## Task statement
What you give back from the listing below should be an exact copy of the lines from the one with "Vintage 90's Women's" down to the one with "Hedge Trimmer Cordless", and it should contain no pictures.

## Source information
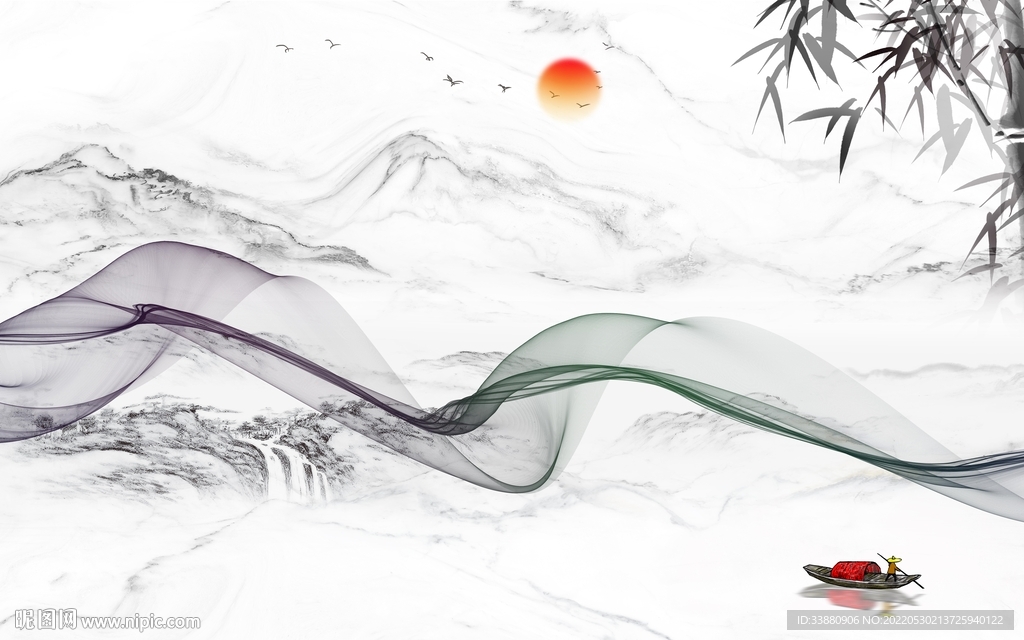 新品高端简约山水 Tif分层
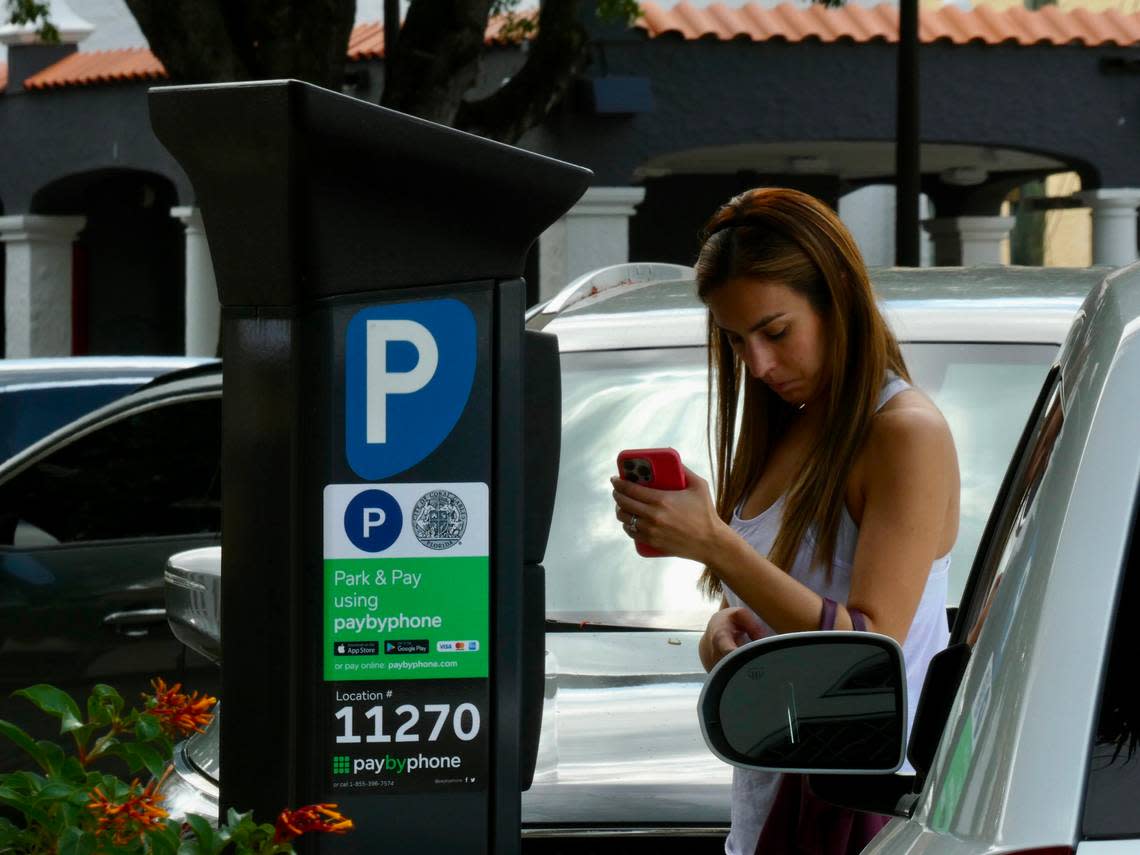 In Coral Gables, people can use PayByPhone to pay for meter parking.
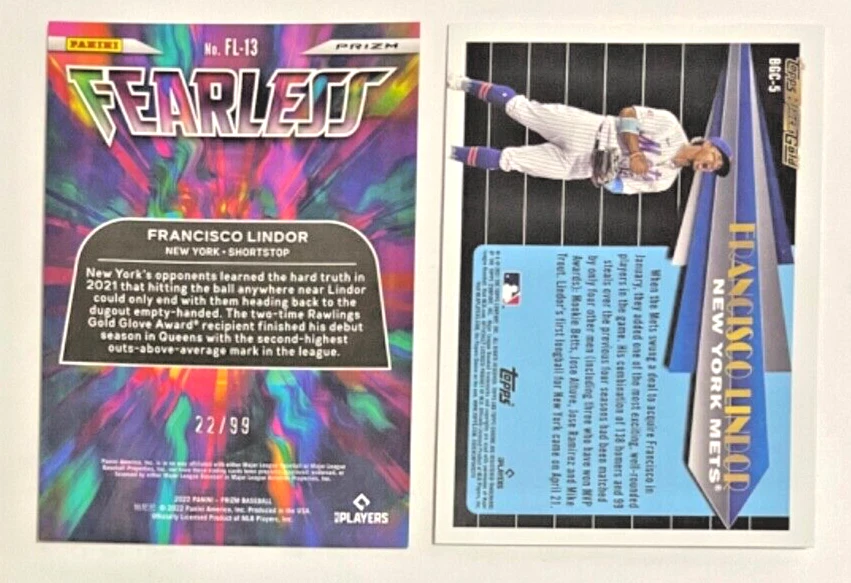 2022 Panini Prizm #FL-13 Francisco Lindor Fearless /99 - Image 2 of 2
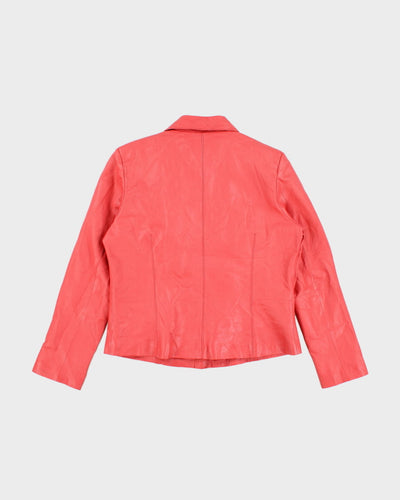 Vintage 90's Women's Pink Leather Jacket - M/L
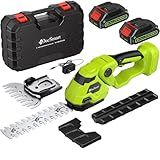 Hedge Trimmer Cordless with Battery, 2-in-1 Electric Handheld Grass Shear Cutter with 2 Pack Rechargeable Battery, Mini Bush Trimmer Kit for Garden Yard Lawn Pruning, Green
--
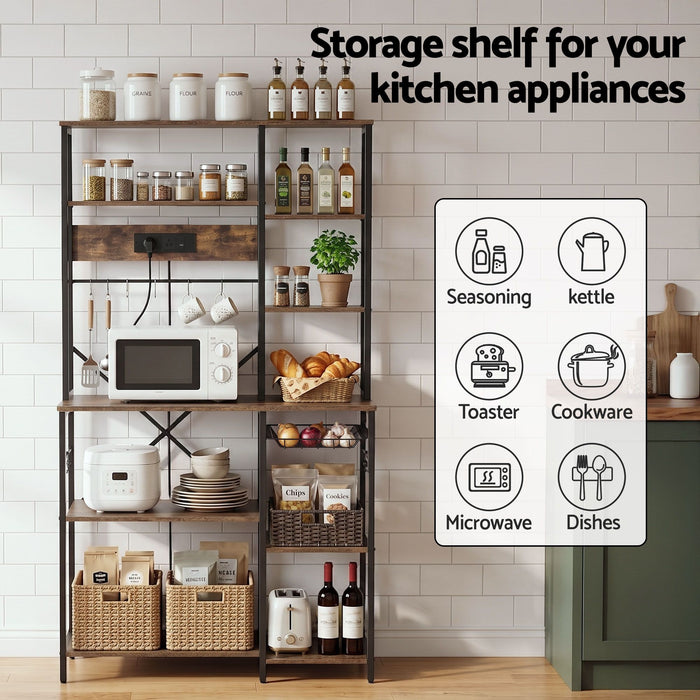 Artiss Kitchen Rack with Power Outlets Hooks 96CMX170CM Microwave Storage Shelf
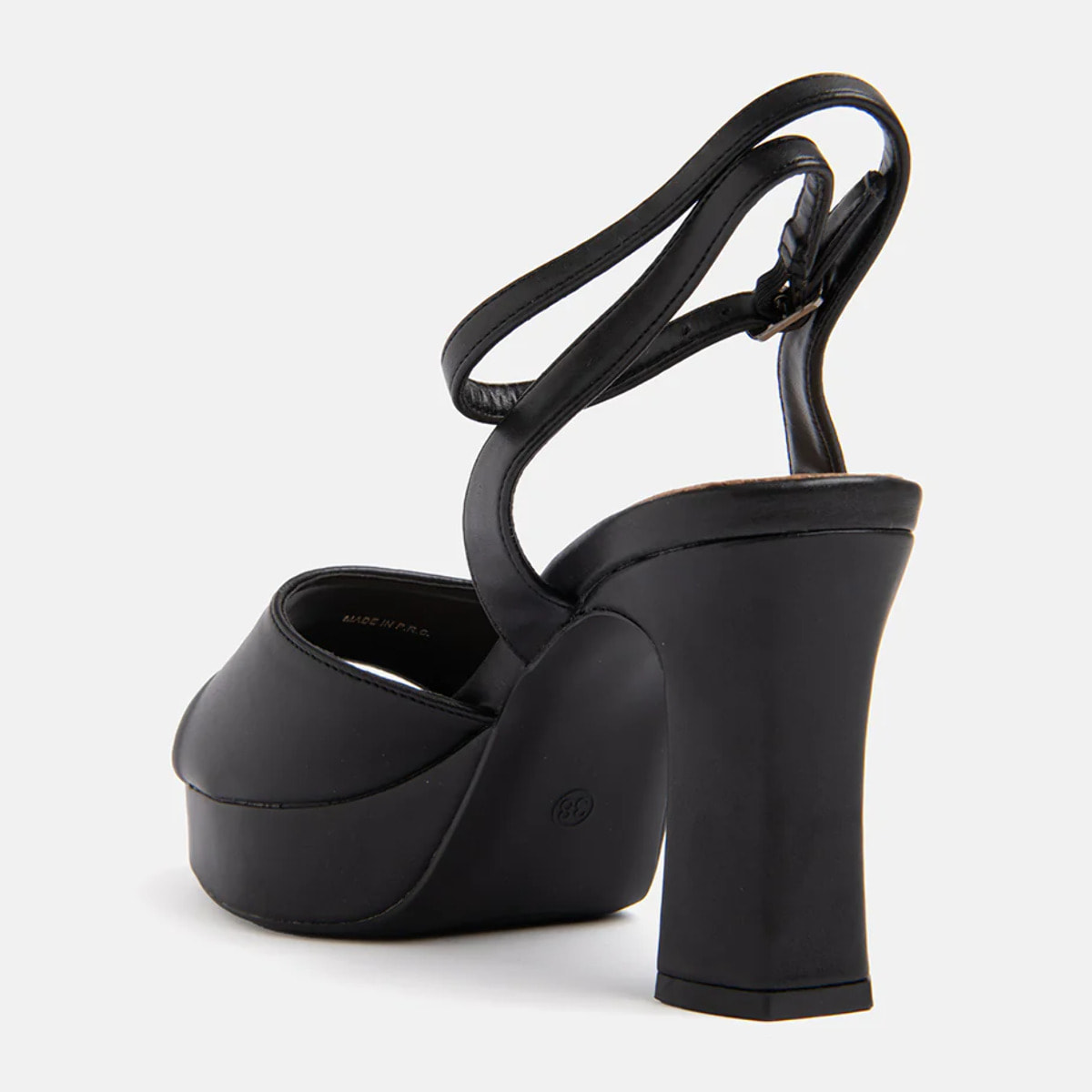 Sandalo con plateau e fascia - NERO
...
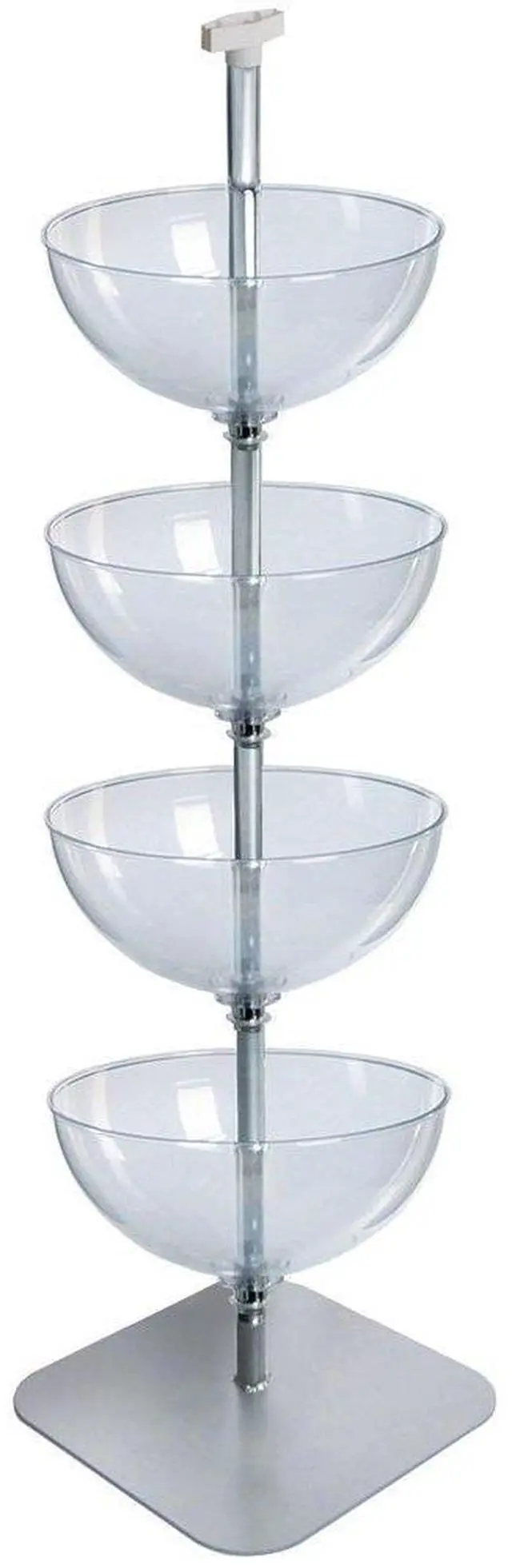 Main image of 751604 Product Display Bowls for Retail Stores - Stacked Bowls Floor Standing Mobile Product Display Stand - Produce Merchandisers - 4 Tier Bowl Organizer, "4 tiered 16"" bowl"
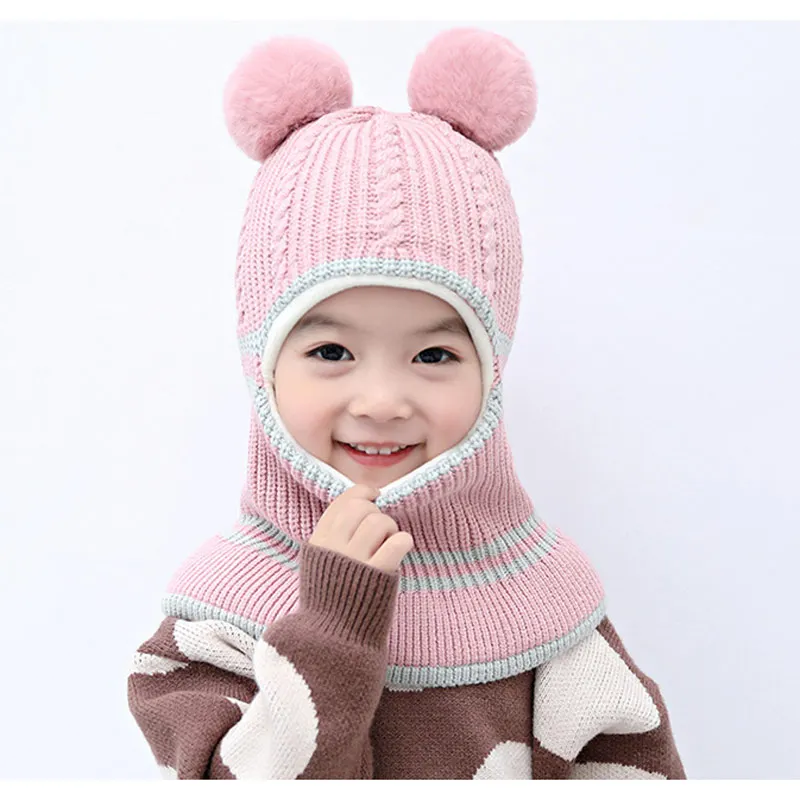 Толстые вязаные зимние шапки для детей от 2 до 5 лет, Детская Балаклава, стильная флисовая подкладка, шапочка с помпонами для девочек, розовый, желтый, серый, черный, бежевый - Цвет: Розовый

## Result of this task
 Vintage 90's Women's Pink Leather Jacket - M/L
 Hedge Trimmer Cordless with Battery, 2-in-1 Electric Handheld Grass Shear Cutter with 2 Pack Rechargeable Battery, Mini Bush Trimmer Kit for Garden Yard Lawn Pruning, Green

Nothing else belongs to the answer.